Leave a Light on for Me

I don’t know why we were talking about lightbulbs, but we were because somehow the conversation led us that way. And every time I change a lightbulb, or see one that is out, I think of Donna. It’s just one of those weird things.

“I still haven’t had to change the lightbulb at the top of my steps,” Donna said. “Roger (her husband who passed away in the house) must be looking out for me. He knows I could never reach it.” Donna is as short as me, which means just about 5 foot tall. Shhh. Don’t laugh at us short people.

“I still can’t believe it hasn’t gone out. How long has it been now?” I ask. But yes, I do believe her.

“Twelve years.” 

“You know, that is crazy. Nobody would believe you if you told them,” I add.

“I know. But I haven’t ever had to change that lightbulb. I don’t know how I  even would if it went out. It is right at the top of the steps at the highest part of the house. Even if I put a ladder there I wouldn’t be able to reach it and I would be dangling over the stairs.”

“I just can’t see a lightbulb lasting that long. But your house is weird anyways,” I tell her.

She has told me so many stories, I think her house is haunted…or has visitors you just can’t see. Lights flickering when the grandchildren are around and many other strange tales. Her aunt and grandmother passed away in the house, too. Maybe she just has a lot of guardian angels.

But who in the heck has ever had a lightbulb last 12 YEARS?!?! That is nuts.


There are Brain Eating Ghosts in my Basement

I wasn’t able to get any laundry done today because there are  brain eating ghosts in my basement. For real.

It all started when I was doing laundry…

which is a chore I do not particularly like, but has to be done. I get in a mode of sorting and tossing, make a pile here, kick some stuff over there, glance into the other room and check on the boys. I peel off the soft pink lint from the dryer screen and smoosh it in my hand as I finish throwing in the next load of blankets, add a dryer sheet, and am ready to get outta there. “C’mon, kids! Lets go back upstairs.”

Bradley rolls up to me, “Hey, mom. Pretend I’m a ghost and you can’t see me,” he says, jumping off his scooter. (yea, we ride scooters in the basement, we have cabin fever.)

“Collin, did you hear something?” I say, playing right along and walking past Bradley.

Bradley outstretches his arms in zombie fashion and starts moaning like a ghost, “I’m going to eat your brains.”

“I can’t see anything, but I sure did hear something,” I say to Collin, running and picking him up, “C’mon, baby! We gottta get out of here!” I swoosh down and scoop Collin up, “There are ghosts down here,” and up the stairs I sprint.

At the top of the steps I glance back and see Bradley’s smile over my shoulder. I shut the door in his face. Ha ha. I love pretend.

“Ma-OOOOO-om! I was right behind you.”

“I think that ghost is upstairs now,” I say as I look over him and walk right past him. His eyes light up again and he starts chasing me, “Brains taste soooo good. MMMMmmmm…CHOMP. Chomp.”

Bradley came home from preschool with his crown. He so reminded me of Max from, "Where the Wild Things Are." Especially with all the pretending we have been doing.
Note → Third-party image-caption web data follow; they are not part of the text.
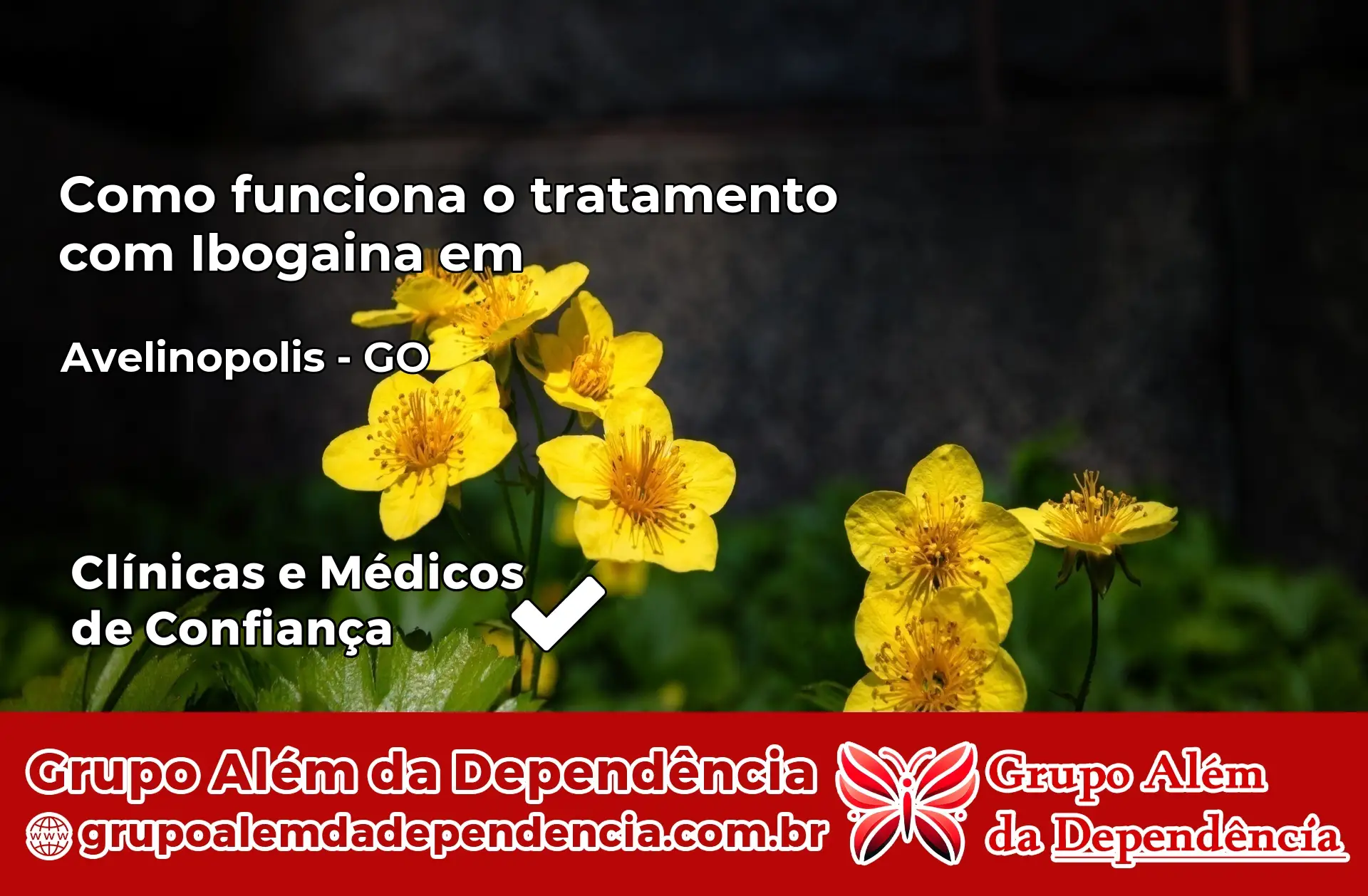 Como Funciona Ibogaína em Avelinópolis – GO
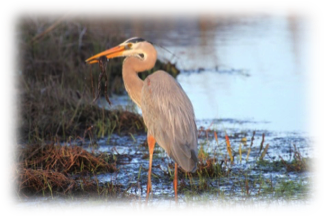heron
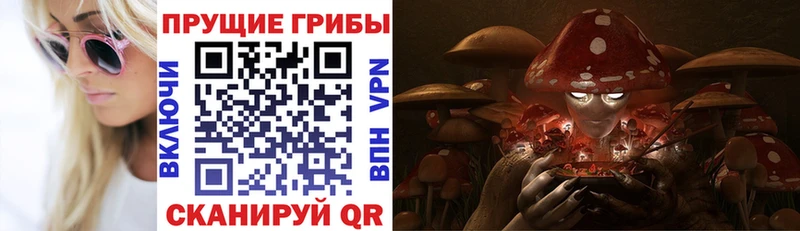 что такое   Солигалич  Псилоцибиновые грибы мицелий 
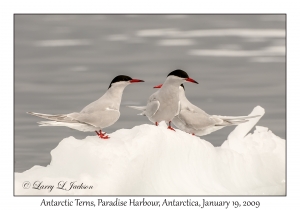 Antarctic Terns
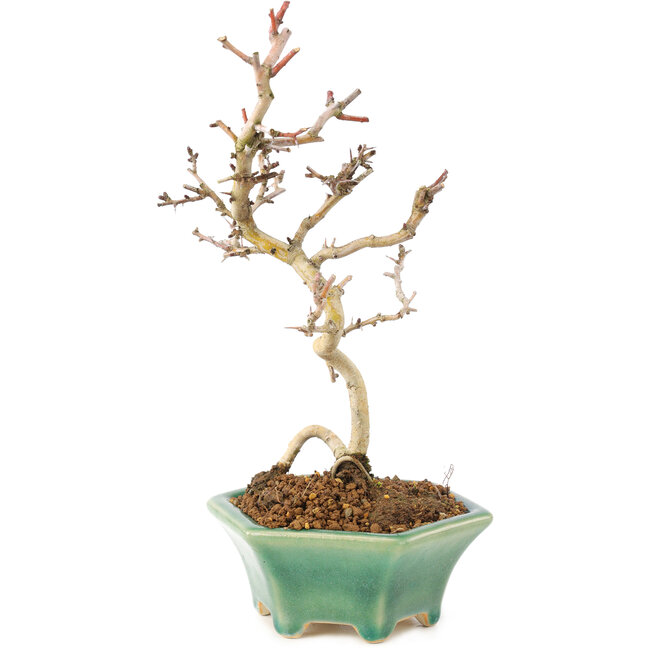 Crataegus cuneata, 22 cm, ± 7 years old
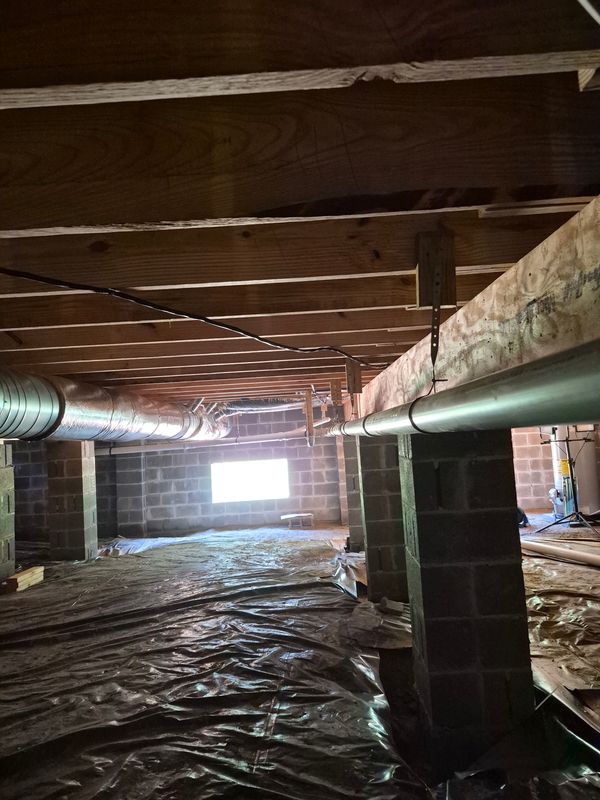 Water line, Sewer line and Drain line Repair and Replacement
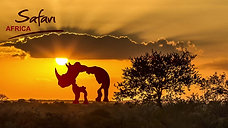 Safari Africa - Rhinoceros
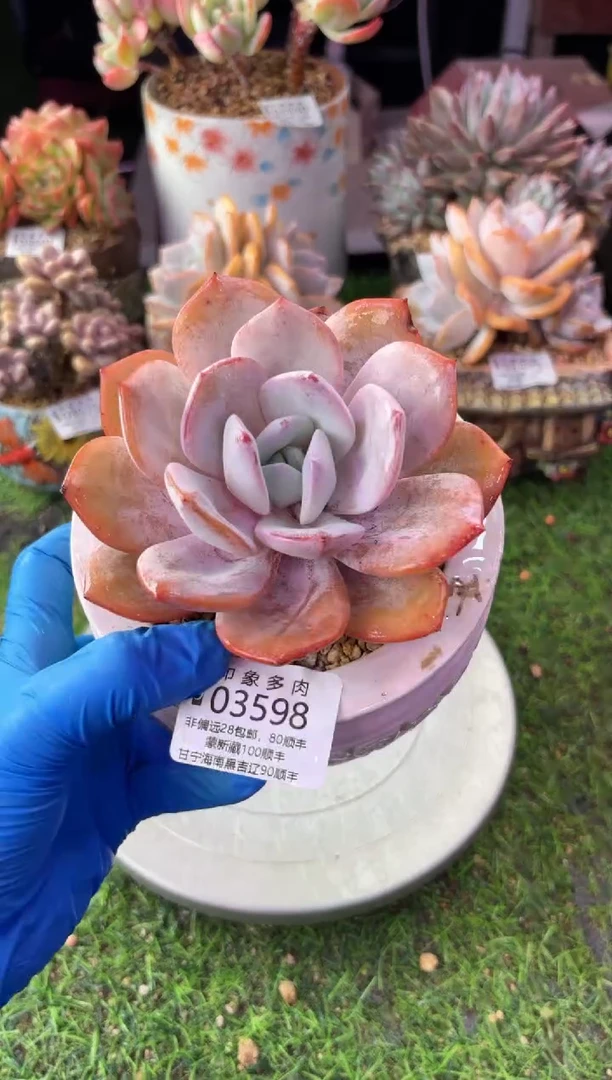 昆明印象多肉03598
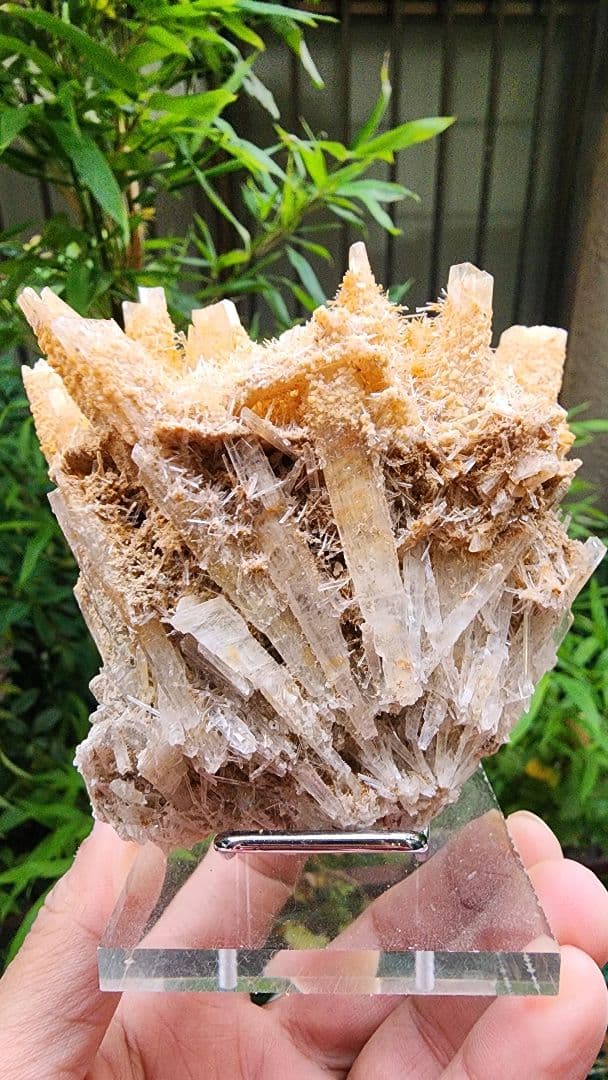 オーストラリア産の黄色いアラゴナイト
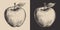 Set of vintage retro woodcut linocut engraving gravure sketch apple. Can be used like emblem, logo. mark, poster or print.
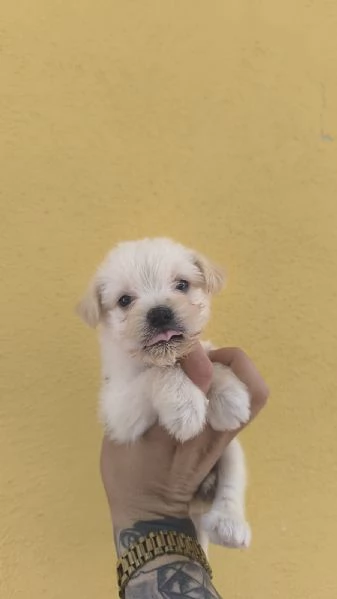 Cucciolo di maltipoo toy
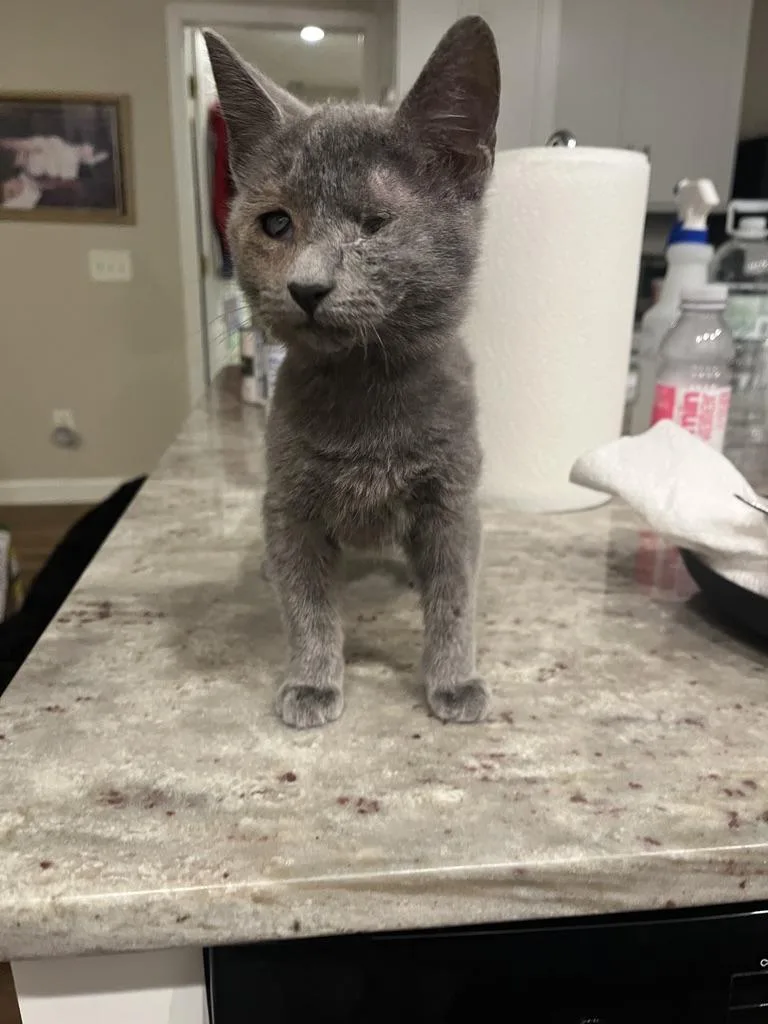 A baby medium-sized male Gray / Blue / Silver Domestic Short Hair cat named Steve Rogers for adoption in Little River, SC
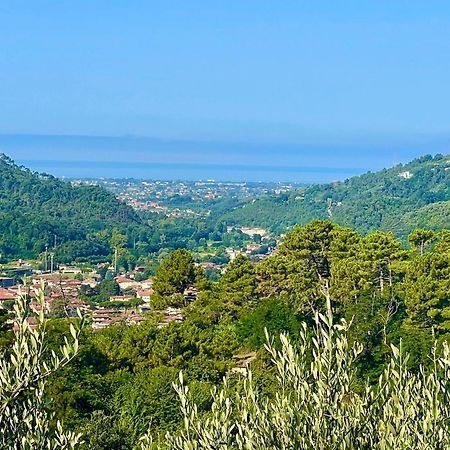 Casa Del Sole Bed & Breakfast Camaiore Exterior photo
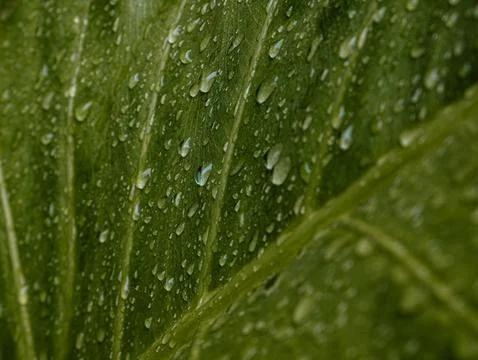 Fresh Green Leaf Covered with Rain Water Droplets, Close-Up Nature Texture .. Stock Photos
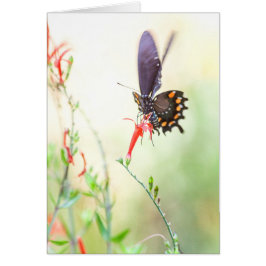 Pipevine butterfly i eftermiddagsljus hälsningskort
I want to stop and tell him that “in real life” zombies eat brains and walk with their arms out, and ghosts float around moaning…but who says in Bradley’s world of pretend? So I play along. BUT…you have to remember who makes the rules in pretend- the five-year old, of course!

And these are my days…

Changing three sets of dirty diapers  throughout the day, waking up and feeding TWO babies at 3 am, working on a volcano sized pile of laundry before it erupts and engulfs us all with dirty clothes, scrubbing the bathroom floor on my hands and knees (and realizing these boys need to aim better), scraping toothpaste off the bathroom sink, and cooking dinner is hard work. And that is just a few of the things I do around here. We wont talk about the dust bunnies under the couch mocking me or the cobwebs in a couple of the corners cursing at me. Ok. ok. I’m getting carried away and exaggerating…only on the last part though.

I also get to…

Dance in my pajamas, build boats out of play-doh, graph with Skittles and eat the results, play with friendly monsters that live under the bed, count on my fingers and toes, build forts, eat cheese pizza under the dining room table, play with army guys, and run from brain eating ghosts…these are company perks.